On trouve dans votre livre deux figures majeures, l’une appartient à la mythologie, Dionysos et l’autre à la philosophie, Hegel. Pouvez-vous donner quelques explications ?

Dionysos appartient fortement à la philosophie, à travers précisément les écrits de Hegel (La Phénoménologie de l’Esprit), mais aussi de Nietzsche (La Naissance de la Tragédie…). Dionysos est le dieu de l’excès, de l’ivresse, de la jubilation ! Ses Bacchantes nous invitent à faire renaître la Fête au cœur de la Cité, dérivent dans nos songes exaltés et brumeux, et nous convient à un sommeil réparateur, par-delà Bien et Mal !… Hegel, qui passe souvent pour un philosophe « austère » place son livre majeur, La Phénoménologie de l’Esprit, sous le signe de Dionysos, en définissant, dès sa préface, la vérité comme « un cortège dont pas un des membres n’est ivre »! Par cette allégeance à Dionysos, dont il tient la couronne de vignes entre ses mains, Hegel appartient à la mythologie.

Ce type de recherche vous permettrait ainsi d’unir deux attitudes de l’esprit, la spéculation conceptuelle et l’intuition poétique?

Je ne conçois pas de concept vidé de toute intuition.

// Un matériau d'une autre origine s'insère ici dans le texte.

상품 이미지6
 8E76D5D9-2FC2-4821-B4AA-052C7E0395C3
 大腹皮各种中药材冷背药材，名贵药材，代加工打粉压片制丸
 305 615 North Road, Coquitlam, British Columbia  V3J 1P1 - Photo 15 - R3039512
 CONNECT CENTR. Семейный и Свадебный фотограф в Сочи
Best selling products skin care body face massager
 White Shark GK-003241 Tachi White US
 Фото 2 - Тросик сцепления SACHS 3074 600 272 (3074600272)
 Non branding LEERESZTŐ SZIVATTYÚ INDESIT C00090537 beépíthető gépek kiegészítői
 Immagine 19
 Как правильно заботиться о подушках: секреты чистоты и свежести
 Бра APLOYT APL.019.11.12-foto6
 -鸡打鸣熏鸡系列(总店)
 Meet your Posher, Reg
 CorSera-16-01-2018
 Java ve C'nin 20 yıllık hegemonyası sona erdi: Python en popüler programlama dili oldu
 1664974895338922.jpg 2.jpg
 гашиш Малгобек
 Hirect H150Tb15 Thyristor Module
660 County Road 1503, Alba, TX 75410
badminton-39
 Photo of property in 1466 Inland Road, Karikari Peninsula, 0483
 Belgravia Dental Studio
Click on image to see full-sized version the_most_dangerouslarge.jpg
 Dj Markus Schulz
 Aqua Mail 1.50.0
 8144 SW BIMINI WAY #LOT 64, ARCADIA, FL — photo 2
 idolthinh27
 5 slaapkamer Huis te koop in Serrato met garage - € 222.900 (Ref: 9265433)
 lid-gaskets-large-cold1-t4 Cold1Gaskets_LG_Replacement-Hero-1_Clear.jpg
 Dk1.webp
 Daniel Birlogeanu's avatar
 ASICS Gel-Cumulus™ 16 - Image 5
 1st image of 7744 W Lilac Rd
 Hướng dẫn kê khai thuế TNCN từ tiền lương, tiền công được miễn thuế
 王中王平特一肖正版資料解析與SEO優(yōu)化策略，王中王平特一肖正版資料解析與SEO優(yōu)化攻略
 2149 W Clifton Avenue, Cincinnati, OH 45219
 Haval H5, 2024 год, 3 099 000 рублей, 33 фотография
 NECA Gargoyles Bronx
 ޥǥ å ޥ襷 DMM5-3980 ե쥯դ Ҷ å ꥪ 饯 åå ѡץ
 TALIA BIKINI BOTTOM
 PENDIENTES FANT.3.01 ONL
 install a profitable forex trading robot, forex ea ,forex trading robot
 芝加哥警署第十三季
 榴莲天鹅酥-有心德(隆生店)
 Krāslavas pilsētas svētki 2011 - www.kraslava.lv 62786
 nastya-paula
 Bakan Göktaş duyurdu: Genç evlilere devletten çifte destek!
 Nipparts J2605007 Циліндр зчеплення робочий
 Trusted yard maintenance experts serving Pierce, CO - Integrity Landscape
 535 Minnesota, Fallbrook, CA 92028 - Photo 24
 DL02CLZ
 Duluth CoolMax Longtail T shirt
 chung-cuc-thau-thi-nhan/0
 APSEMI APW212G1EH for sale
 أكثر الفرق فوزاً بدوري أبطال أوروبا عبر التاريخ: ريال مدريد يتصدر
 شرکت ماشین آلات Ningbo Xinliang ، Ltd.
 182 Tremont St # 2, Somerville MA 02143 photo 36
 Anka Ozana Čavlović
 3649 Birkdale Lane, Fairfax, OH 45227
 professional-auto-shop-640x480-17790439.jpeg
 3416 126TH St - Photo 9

Peut-être est-ce un reste de kantisme… Dans tous les cas, le concept doit s’unir à l’intuition poétique s’il ne veut pas se perdre dans une abstraction vide de sens ! Le Concept doit embrasser la Magie contenue dans le verbe poétique. La Magie est le courage du Philosophe, pourrait-on dire… Et pas simplement du philosophe. L’errance poétique est fondamentale pour tout discours qui se veut créatif. En gardant cela en tête, nous pouvons nous écrier avec joie que l’errance précède l’essence !

Avez-vous d’autres travaux en cours? Des publications ? Un nouveau recueil peut-être, car rappelons-le vous êtes professeur de philosophie mais aussi et peut-être surtout, un poète ?

Je souhaite continuer à travailler avec le plus de constance possible, avec le plus de vins d’Ardèche aussi ! Mon prochain recueil de poésies sort en janvier ! … Plusieurs articles sont en cours d’écriture et verront le jour prochainement. Un ouvrage collectif sur l’Arcadie va également voir le jour !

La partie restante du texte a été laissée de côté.